═══ EXERCISE MATERIALS ═══

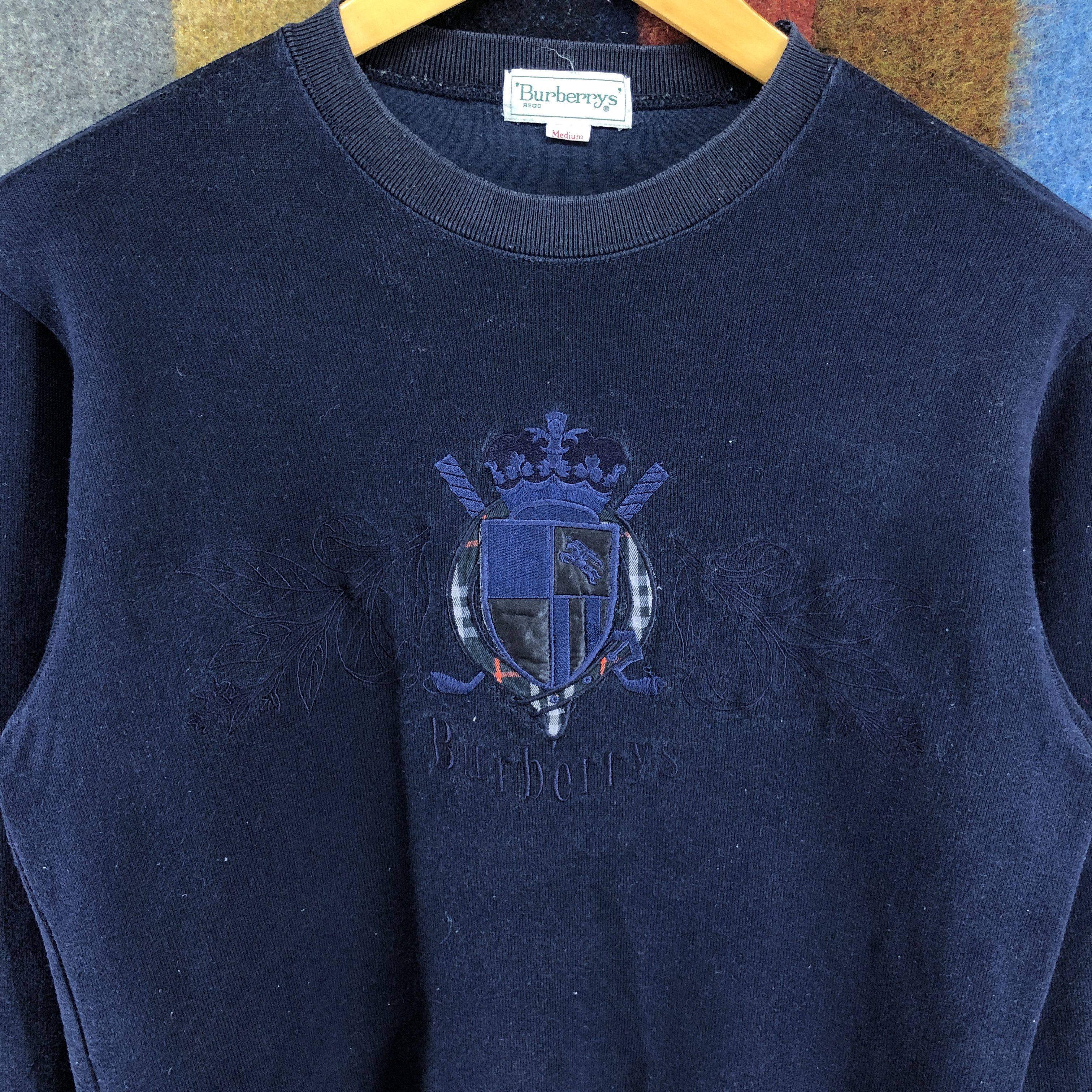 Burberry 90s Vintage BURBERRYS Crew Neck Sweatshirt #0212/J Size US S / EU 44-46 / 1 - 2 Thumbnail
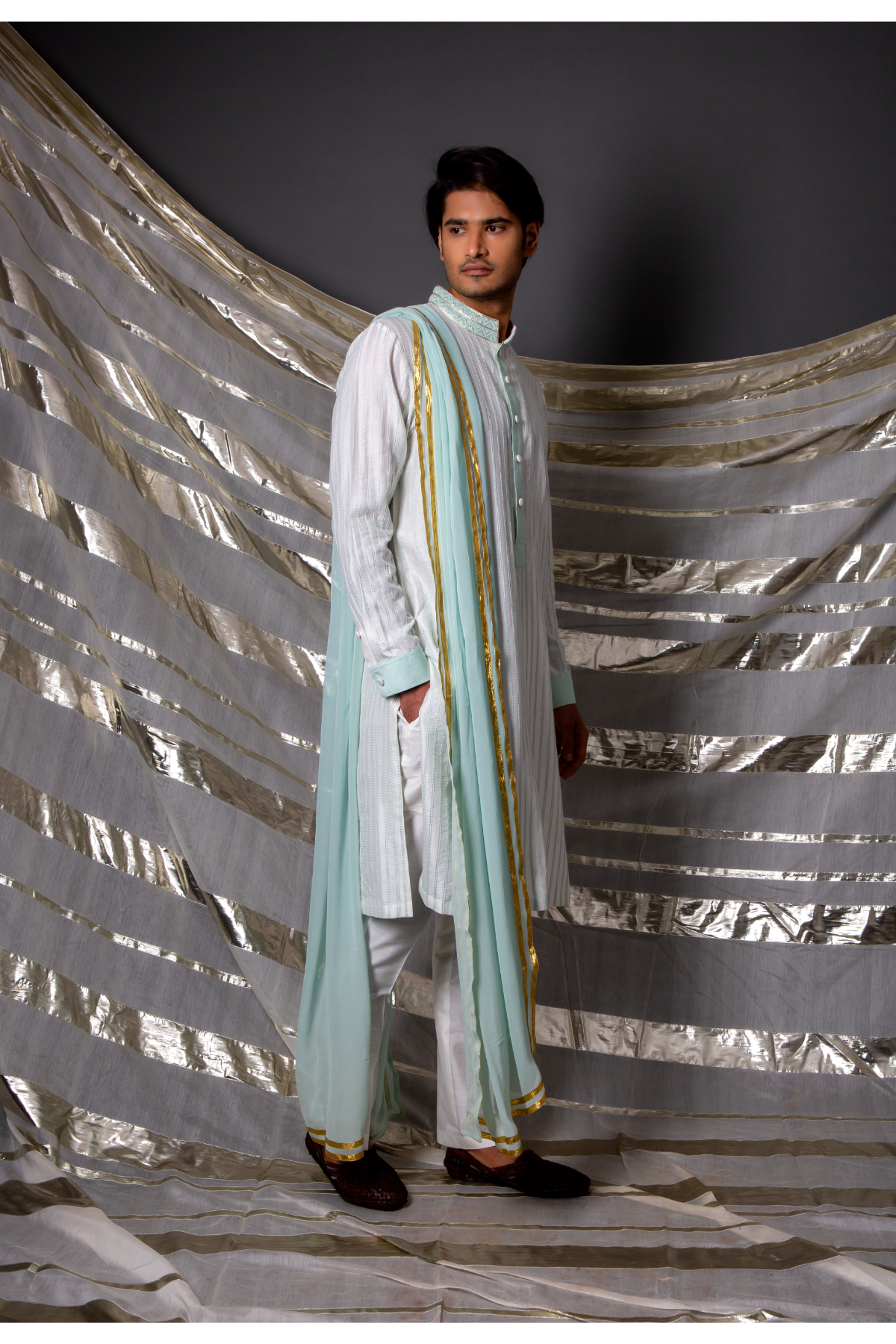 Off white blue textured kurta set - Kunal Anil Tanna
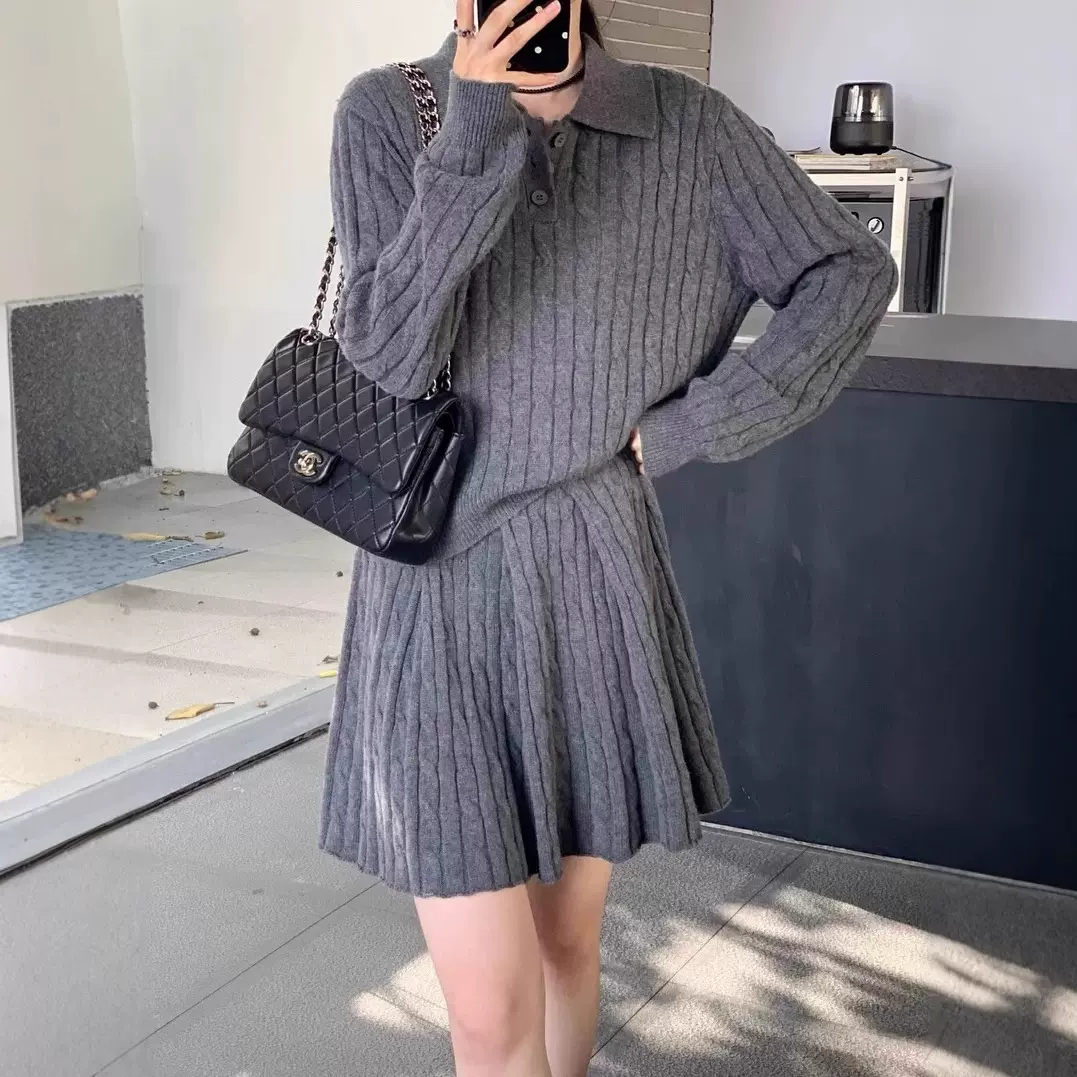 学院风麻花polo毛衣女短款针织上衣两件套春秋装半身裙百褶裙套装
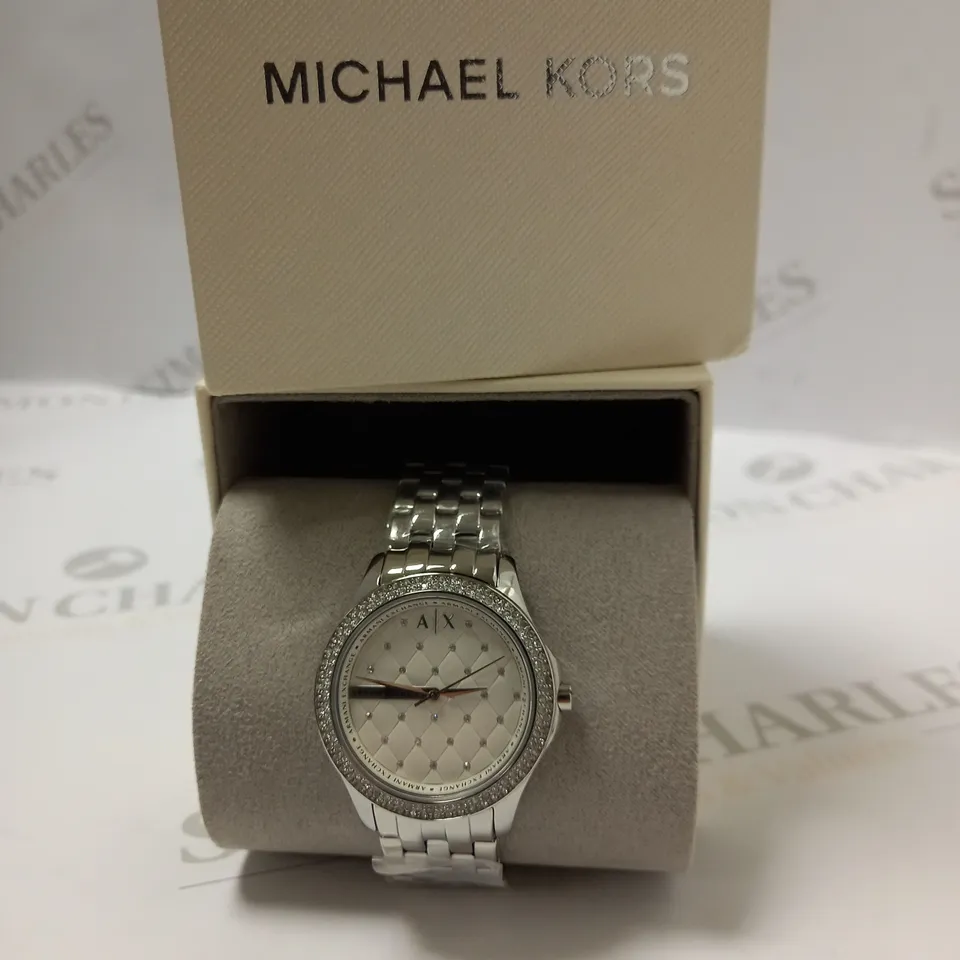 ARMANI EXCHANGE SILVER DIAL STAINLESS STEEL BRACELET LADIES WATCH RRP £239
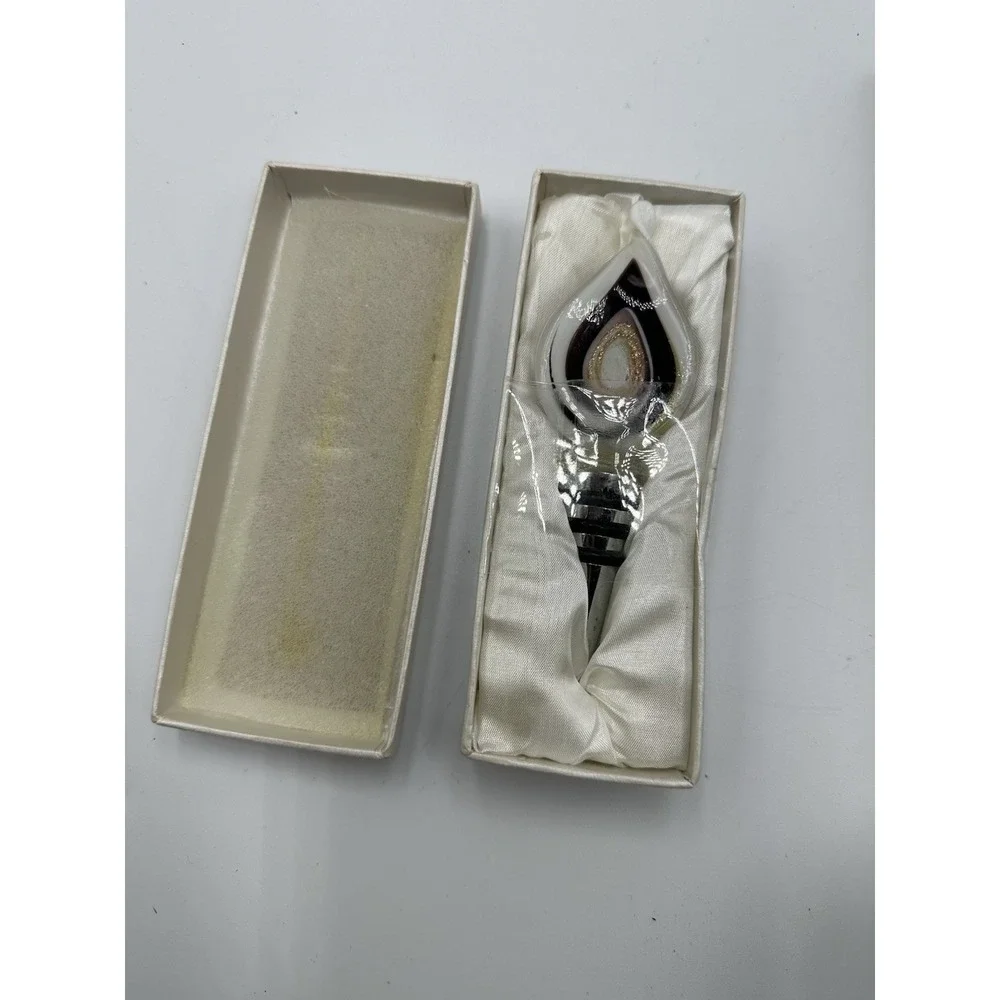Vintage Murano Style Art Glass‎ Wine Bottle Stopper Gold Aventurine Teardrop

═══

__PROBLEM TO SOLVE__
Print each record exactly as it stands, leaving the images out.

__RESPONSE TO THIS EXERCISE__
 Burberry 90s Vintage BURBERRYS Crew Neck Sweatshirt #0212/J Size US S / EU 44-46 / 1 - 2 Thumbnail
 Off white blue textured kurta set - Kunal Anil Tanna
 学院风麻花polo毛衣女短款针织上衣两件套春秋装半身裙百褶裙套装
 ARMANI EXCHANGE SILVER DIAL STAINLESS STEEL BRACELET LADIES WATCH RRP £239
Vintage Murano Style Art Glass‎ Wine Bottle Stopper Gold Aventurine Teardrop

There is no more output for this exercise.